Activity. Nothing but the lines from the one with "Gambar 4. CT" through the end of the records may appear in the answer, each reproduced exactly, pictures omitted.

(Short web captions)
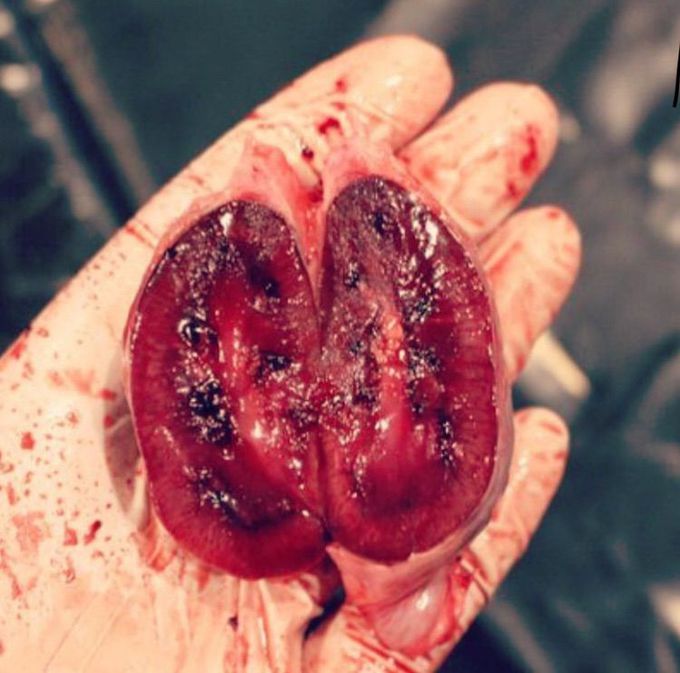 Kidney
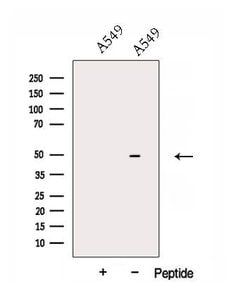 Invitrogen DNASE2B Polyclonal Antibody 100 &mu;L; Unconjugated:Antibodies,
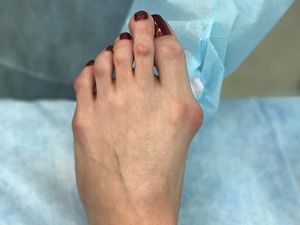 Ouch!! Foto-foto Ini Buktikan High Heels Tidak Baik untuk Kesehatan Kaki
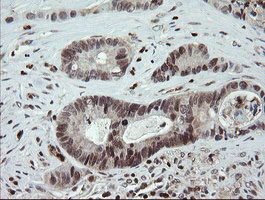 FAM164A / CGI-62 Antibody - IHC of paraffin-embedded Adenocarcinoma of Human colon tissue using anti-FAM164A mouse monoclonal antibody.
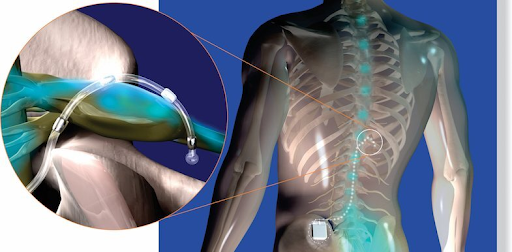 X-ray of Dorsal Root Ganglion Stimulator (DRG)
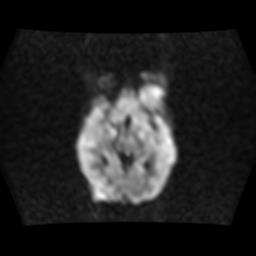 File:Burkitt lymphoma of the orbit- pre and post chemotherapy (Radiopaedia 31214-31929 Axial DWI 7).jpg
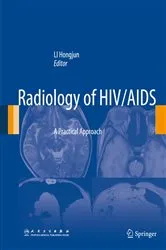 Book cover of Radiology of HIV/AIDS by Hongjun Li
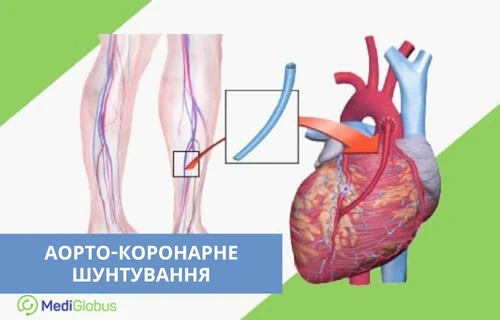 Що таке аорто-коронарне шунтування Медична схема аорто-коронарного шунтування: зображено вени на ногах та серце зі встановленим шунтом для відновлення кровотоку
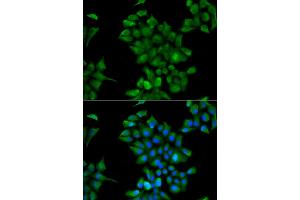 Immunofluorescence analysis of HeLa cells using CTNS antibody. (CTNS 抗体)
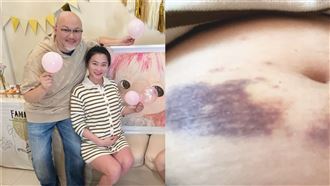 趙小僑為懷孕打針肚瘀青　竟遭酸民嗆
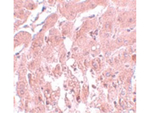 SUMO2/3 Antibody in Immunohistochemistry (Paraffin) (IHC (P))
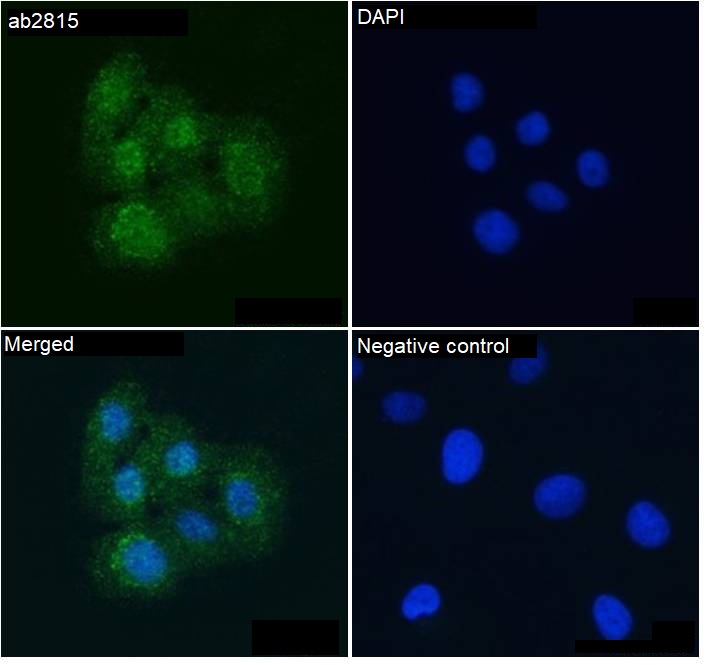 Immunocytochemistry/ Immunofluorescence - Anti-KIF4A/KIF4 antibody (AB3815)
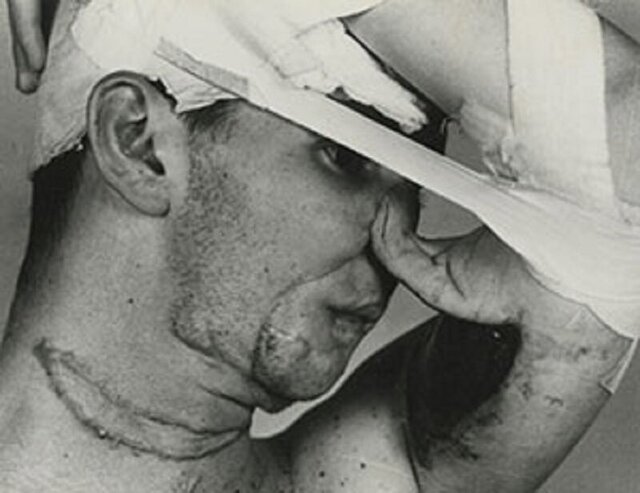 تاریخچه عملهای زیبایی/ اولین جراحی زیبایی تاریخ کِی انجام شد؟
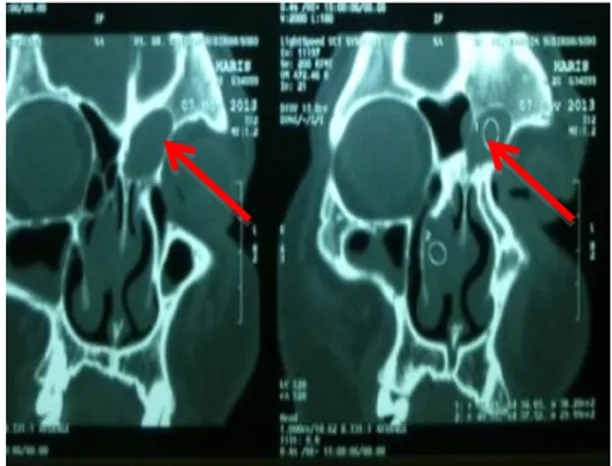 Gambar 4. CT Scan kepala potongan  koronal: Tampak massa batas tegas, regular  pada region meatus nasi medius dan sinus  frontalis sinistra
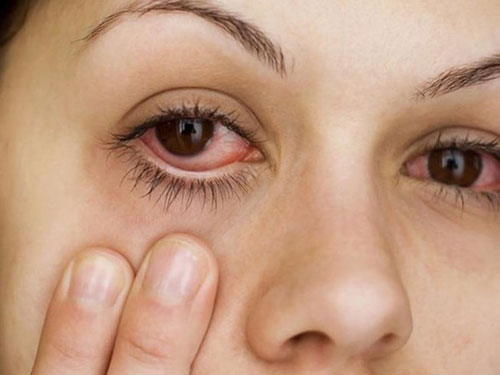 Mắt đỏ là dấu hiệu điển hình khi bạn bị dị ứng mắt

Response to the task.
 Gambar 4. CT Scan kepala potongan  koronal: Tampak massa batas tegas, regular  pada region meatus nasi medius dan sinus  frontalis sinistra
 Mắt đỏ là dấu hiệu điển hình khi bạn bị dị ứng mắt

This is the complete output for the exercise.